I found a reference model online

from torch import nn 
class MNIST_model(torch.nn.Module):
  """Model capable of predicting on MNIST dataset.
  """
  def __init__(self, input_shape: int, hidden_units: int, output_shape: int): 
    super().__init__()
    self.conv_block_1 = nn.Sequential(
      nn.Conv2d(in_channels=input_shape, 
                out_channels=hidden_units,
                kernel_size=3,
                stride=1,
                padding=1), 
      nn.ReLU(),
      nn.Conv2d(in_channels=hidden_units,
                out_channels=hidden_units,
                kernel_size=3,
                stride=1,
                padding=1),
      nn.ReLU(),
      nn.MaxPool2d(kernel_size=2)
    )
    self.conv_block_2 = nn.Sequential(
      nn.Conv2d(in_channels=hidden_units,
                out_channels=hidden_units,
                kernel_size=3,
                stride=1,
                padding=1),
      nn.ReLU(),
      nn.Conv2d(in_channels=hidden_units,
                out_channels=hidden_units,
                kernel_size=3,
                stride=1,
                padding=1),
      nn.ReLU(),
      nn.MaxPool2d(kernel_size=2)                   
    )
    self.classifier = nn.Sequential(
      nn.Flatten(),
      nn.Linear(in_features=hidden_units*7*7,
                out_features=output_shape)
    )

  def forward(self, x):
    x = self.conv_block_1(x)
    x = self.conv_block_2(x)
    x = self.classifier(x)
    return x

and to train it

# %%time
from tqdm.auto import tqdm 

device = "cuda" if torch.cuda.is_available() else "cpu"

# Train on GPU
model_gpu = MNIST_model(input_shape=1,
                        hidden_units=10,
                        output_shape=10).to(device)

# Create a loss function and optimizer
loss_fn = nn.CrossEntropyLoss()
optimizer = torch.optim.SGD(model_gpu.parameters(), lr=0.1)

# Training loop
epochs = 5
for epoch in tqdm(range(epochs)):
  train_loss = 0
  model_gpu.train()
  for batch, (X, y) in enumerate(train_dataloader):
    # Put data on target device
    X, y = X.to(device), y.to(device)

    # Forward pass
    y_pred = model_gpu(X)

    # Loss calculation
    loss = loss_fn(y_pred, y)
    train_loss += loss

    # Optimizer zero grad
    optimizer.zero_grad()

    # Loss backward
    loss.backward()

    # Step the optimizer
    optimizer.step()
  
  # Adjust train loss to number of batches
  train_loss /= len(train_dataloader)

  ### Testing loop
  test_loss_total = 0
  # Put model in eval mode and turn on inference mode
  model_gpu.eval()
  with torch.inference_mode():
    for batch, (X_test, y_test) in enumerate(test_dataloader):
      # Make sure test data on target device
      X_test, y_test = X_test.to(device), y_test.to(device)
      
      test_pred = model_gpu(X_test)
      test_loss = loss_fn(test_pred, y_test)
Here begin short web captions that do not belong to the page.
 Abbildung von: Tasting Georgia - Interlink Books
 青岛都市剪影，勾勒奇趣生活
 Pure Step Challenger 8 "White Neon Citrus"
      test_loss_total += test_loss

    # Adjust test loss total for number of batches
    test_loss_total /= len(test_dataloader)
  
  # Print out what's happening
  print(f"Epoch: {epoch} | Loss: {train_loss:.3f} | Test loss: {test_loss_total:.3f}")

The reference model works without any problem, I don’t understand the problem here. Can someone please explain. Thanks in advance.
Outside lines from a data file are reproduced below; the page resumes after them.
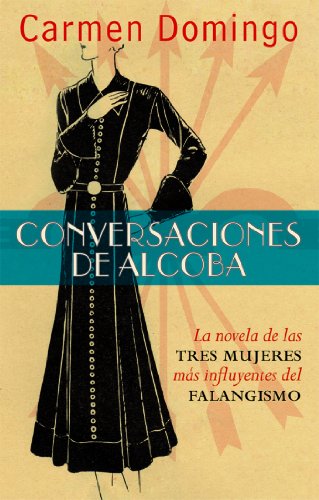 Conversaciones de alcoba - Carmen Domingo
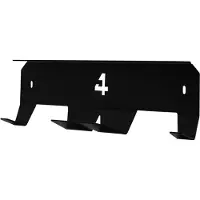 4Mount Pöytäteline VR Headset - Musta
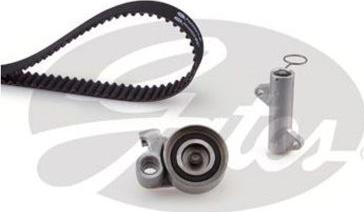GATES KS816 - Kit de distribution droxauto.com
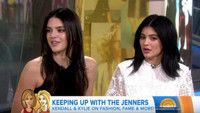VIDEO: Kendall And Kylie Jenner Share Their New Fashion Line on TODAY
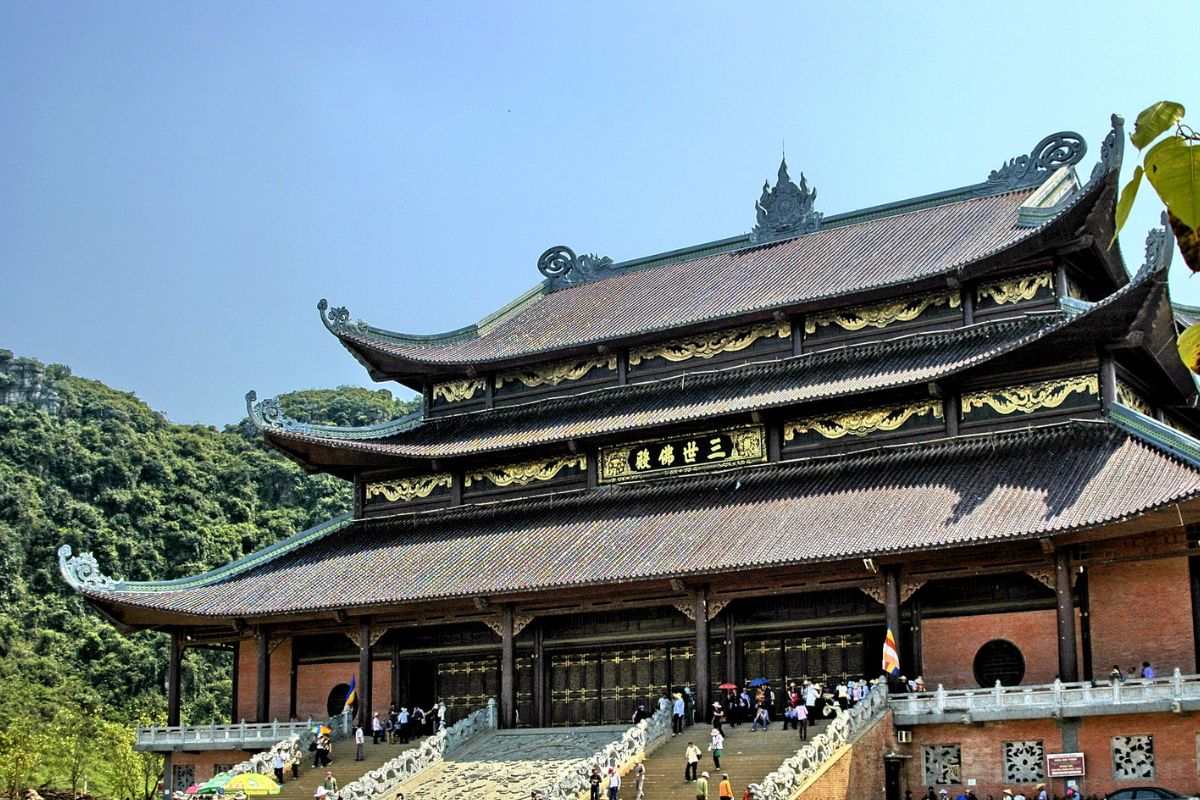 Bai Dinh Pagoda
I have solved the problem, well changing

loss += loss_fn(y_logits, target)

to

loss = loss_fn(y_logits, target) 
train_loss += loss

solved, can someone explain the difference please.

loss += loss_fn(...) will accumulate the loss tensor with all its history and thus will also keep the computation graph alive. Calling loss.backward() will then try to backpropagate through all iterations and will raise the error since intermediate activations from previous iterations were already freed.

Your new code still accumulates loss in train_loss and will thus keep all computation graphs alive and increase the memory usage. If you want to track the loss value alone, use train_loss += loss.detach() or loss.item().